Posted by: Nicole | August 01, 2008 at 01:44 AM
Many good things have been said. This is such a fantastic site for advice and support.
Quick word from the point of view which your younger son might share. I too was the younger of two children, whose older sibling was on the spectrum of autism - in my case, this was kept a secret even within my family. This diagnosis was revealed to me as a young adult by one of my parents.
Everyone in the family needs to know what the problems are in the family. I for example, have trouble sorting out bad times from the past and making sense of what was nuture/choice/personal decisions which led to vs. what was the unexplained (to me) mental illness. From my own personal pain, I definitely urge you to make sure that the brothers are good to one another.
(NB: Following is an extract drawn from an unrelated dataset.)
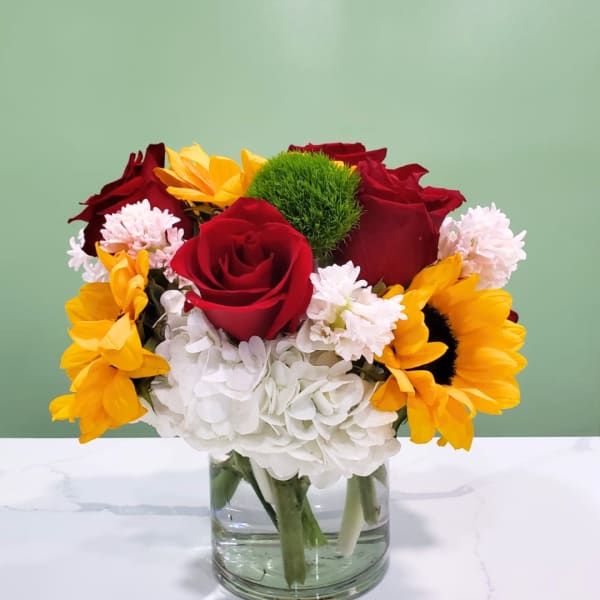 Bouquet of red roses, yellow sunflowers, and white hydrangeas in a glass vase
It sounds like you are a thoughtful mom with great support so I am confident you are all going to be ok.
Best of luck!
Posted by: OlderSiblingHadAutism | August 03, 2008 at 10:53 PM
I think all kids should discuss how they learn and think. All of us do it differently and knowing yourself in that way can ONLY be beneficial.
Posted by: crowdSPRING | July 12, 2011 at 01:53 PM
The Depression is what I'm thinking. Because it was very clear that my grandfather was not socially-normal by anyone's measure.
Posted by: crowdSPRING | July 14, 2011 at 01:45 PM
Children can have a really long wait for a wheelchair. It is agreed that it is needed and nobody pays for it.